While big data is undoubtedly high on the list of invaluable tools a business needs today – and has been for some time – many companies are still struggling to use it. In fact, according to Square Root’s Data Chasers research, while 92% of companies wholeheartedly believe that big data will revolutionise their success, only 40% are actually taking advantage of it as it was designed to be.
There are obstacles that companies have been stumbling over for years, seemingly unable to overcome – but progress can be made with the right insights and perspectives. Here are the top four roadblocks businesses are facing with big data, and how they could finally beat them.
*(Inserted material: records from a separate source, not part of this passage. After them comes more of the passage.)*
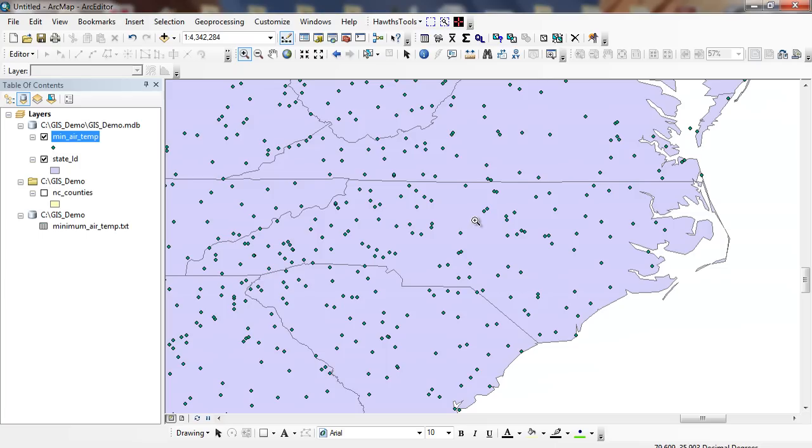Hi, in this exercise we're going to talk about summarizing data. You can see in the previous exercise, with adding XY data, we had created about 5,000 stations throughout the United States.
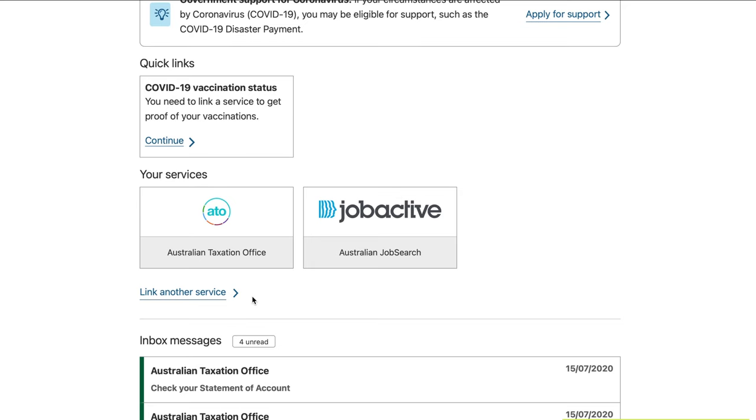Step 2: you need to link your Australian Taxation Office with your MyGov. To do this, scroll down to 'My Services' and click on 'Link a service,' then select the Australian Taxation Office and follow the steps. I won't go into full detail here, but I've linked a step-by-step guide video in the description.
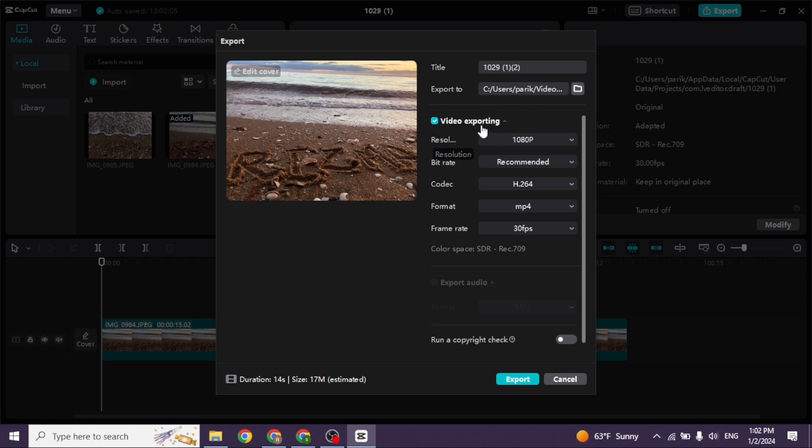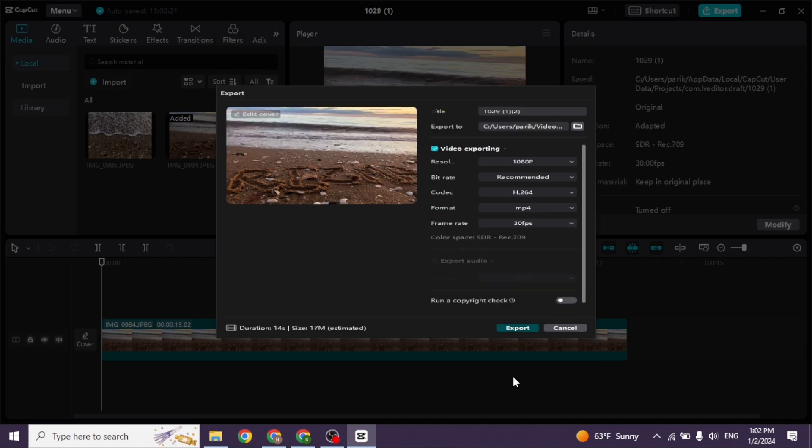Under video exporting, you can change the resolution, bitrate, codec, format, and frame rate. After you customize all these settings, click Export.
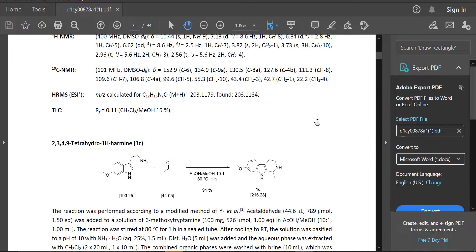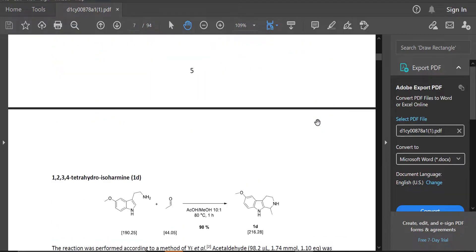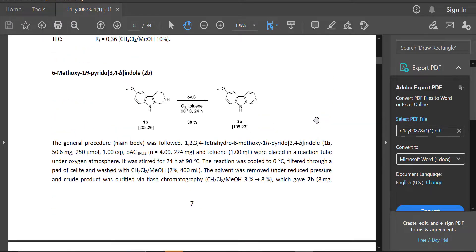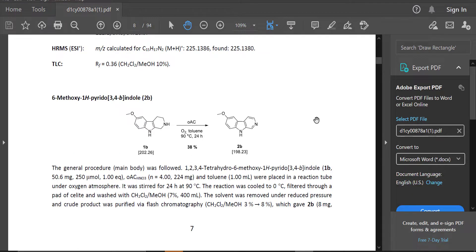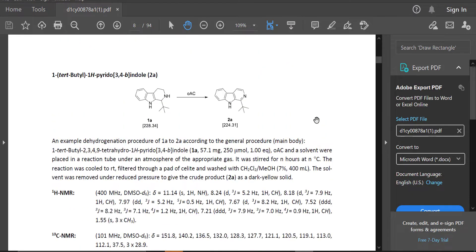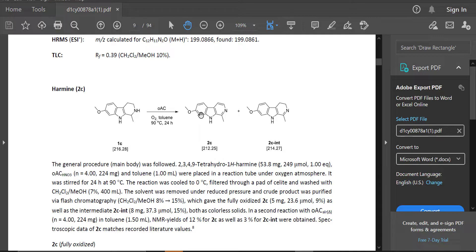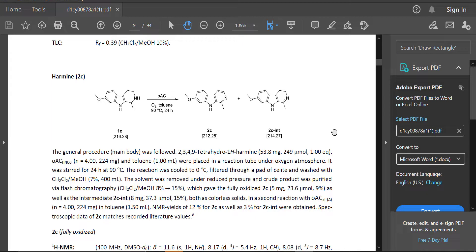And if you keep scrolling, eventually you'll get to the reduction reactions. Here they are. I skipped one. There you go. This is harmine. This is how they synthesized the final product using their clever oxidation technique. And this is what you would do if you were to try to follow their procedure and do this in your own lab.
It’s too little, too late to make the change
Big data isn’t some shiny new accessory to speed up and improve your productivity. On the contrary, you can instead think of it as the foundation and structural beams of your company’s infrastructure – something that’s clearly not easy to replace on short notice. While younger businesses are better able to embrace the change, with new startups figuring it into their original construction, many businesses who’ve been in the industry for years are struggling to remake themselves as big data compatible.
It’s a steep uphill climb, but the key for established businesses trying to make the switch is to take meaningful but measured steps. You didn’t build Rome in a day and you’re not going to rebuild it in that time; instead, evaluate what parts of your business could benefit the most from Big Data, and what practices could make real changes in your productivity and interactions with your audience now. Apply those small but crucial changes and slowly work your way backwards. It won’t happen all at once, but it will give you valuable results where it counts.
The experts are in short supply – or aren’t the right kinds
Your current data experts aren’t to blame; they are skilled in their chosen profession and you hired them for a reason. However, the issue lies in the data world moving out from under them. New practices, tools, and developments in big data have made previously invaluable skills irrelevant, and calls for a new crop of data experts fluent in the modern lingo and tactics. The obvious answer is to hire on these professionals, right?
However, the universities are having trouble keeping up. Students are graduating as quickly as they can and older professionals are taking new courses to bring themselves up to date, but the issue remains. Businesses who want to leverage big data to their full benefit will have to accept that the right experts come at a high price and competition is tough, but it’s necessary.
They’re not sure what they need big data for
Unfortunately, many companies are approaching Big Data with the mindset of “if they have one, I want one too!” It’s undoubtedly a tool every company needs, but for different reasons, and if you acquire big data without knowing the problems you want solved or the insights you’re looking for, it’ll be useless.
While it’s tempting to build up big data as quickly as you can, it’s more important to put on the breaks and have your company take a long look at what actually needs accomplished, from developing converged systems to ironing out operational hiccups. If there are gaps in your information, then this is a place big data can help as well. Once you have a solid look at your goals, you’ll know how to refine the tool to work for you.
They take too much too fast
Think of big data like a massive haystack; the data you benefit from is also hay, but a specific kind of hay. Using big data properly is asking for the right type of hay, from the right haystack, and extracting it with the right tool. Unfortunately, many businesses fail to realise this and believe that all the hay is valuable – and the more haystacks, the merrier. In other words, companies often use too many data sources, too many data collection methods, and put in too many data requests, giving them plenty of results but none that are precise or actionable. This leads to confusion and false starts that hinder rather than help.
Instead, companies need to refine the way they use big data – and not get too excited. It’s about the right answers, not all the answers.